Start of GIVEN DATA
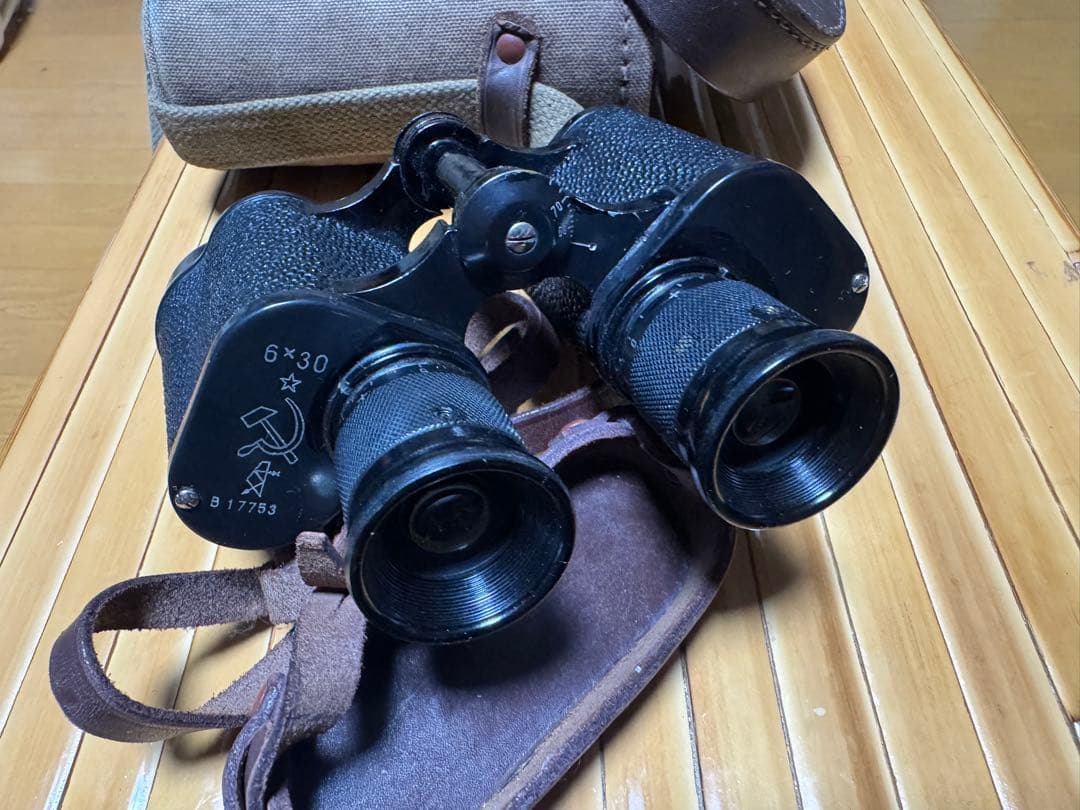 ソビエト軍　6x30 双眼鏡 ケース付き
End of GIVEN DATA
Start of GIVEN DATA
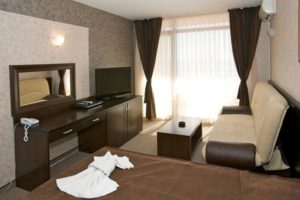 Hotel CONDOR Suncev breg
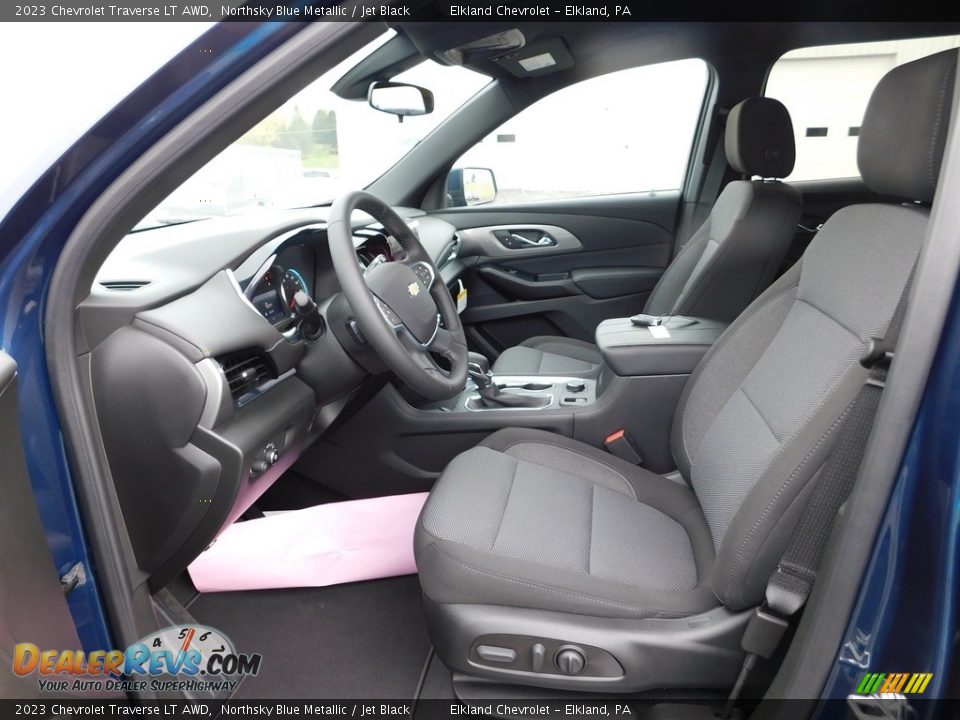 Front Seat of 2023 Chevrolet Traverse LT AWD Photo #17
End of GIVEN DATA
> ASSIGNMENT
Leaving pictures out, output the lines of the data above from the one with "Hotel CONDOR Suncev breg" through the one with "Front Seat of", word for word.

> OUTPUT
 Hotel CONDOR Suncev breg
 Front Seat of 2023 Chevrolet Traverse LT AWD Photo #17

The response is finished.